Sen. Gallegos remembered at public visitation

HOUSTON

Gallegos passed away Tuesday after being hospitalized for complications from a liver transplant he received five years ago. He was 62.

State leaders joined the people of Houston in remembering Gallego at a public visitation and rosary at the University of Houston on Sunday evening.

Gallegos was known as a champion for higher education. He was also a UH graduate, so it was appropriate that the school was where his friends, family and colleagues gathered to celebrate his life.

Music and prayer filled the nearly-packed Cullen Performance Hall as family and friends reflected on a man whose life and death have drawn national attention.

"There's not one of us in the Texas Senate who does not love and respect -- and will always love and respect -- Mario Gallegos," Lt. Gov. David Dewhurst said.

While politically divided, Dewhurst says the last words Gallegos spoke in the hospital last week were to him. He asked, "How are you?"

"In pain -- knowing that his time was short on Earth, knowing that his time was short with his family -- he was thinking about other people," Dewhurst said.
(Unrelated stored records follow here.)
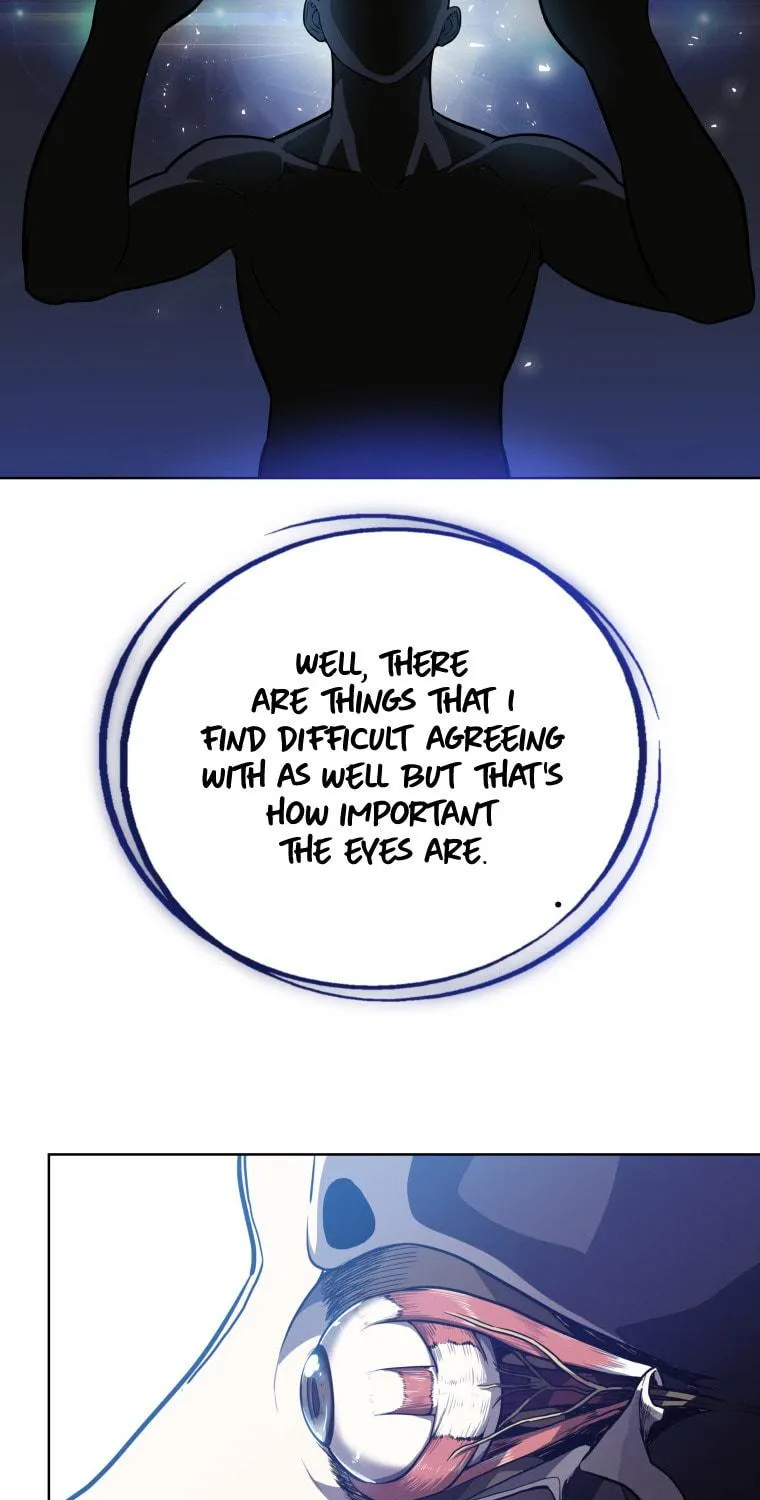 Disciple of the Holy Sword Chapter 3 page 97 - 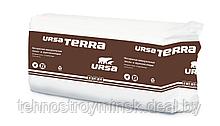 Утеплитель URSA TERRA 37 PN (20) 1250-610-50 (0,762 м3/упак)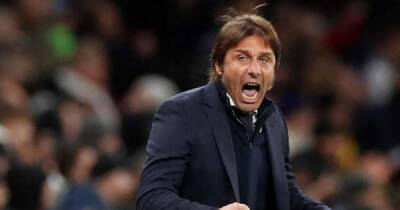 "We're told" – Journalist now says "there's a chance" injured Spurs ace could return at weekend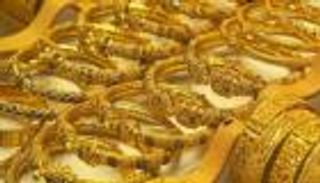 أسعار الذهب اليوم في العراق الثلاثاء 8 فبراير 2022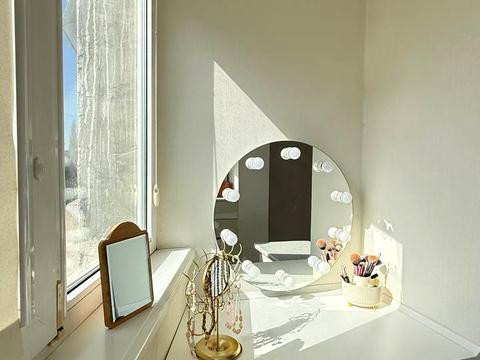 квартира за адресою Євгена Чикаленка вул., 75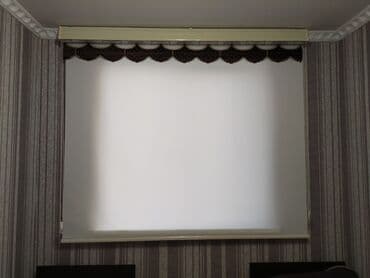 купить жалюзи металлические: 👌бесплатный выезд мастера на замер позволит сэкономить ваше время — 3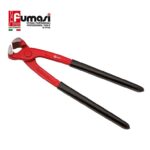Tenaglia per Cementisti e Muratori 250 mm - FUMASI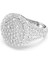 5684245 Swarovski Yüzük Meteora:rıng S Cry/rhs 52 1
One after one, his political brothers and sisters shared stories of a man who gained a reputation as a fighter, a man who served as senior captain of the Houston Fire Department for 22 years and then as the first Mexican-American state senator from Harris County.

And even through a very public illness, Gallegos continued to fight for social justice and for more opportunities for Latinos.

A funeral mass will be held Monday at 9:30am at the Co-Cathedral of the Sacred Heart in downtown Houston.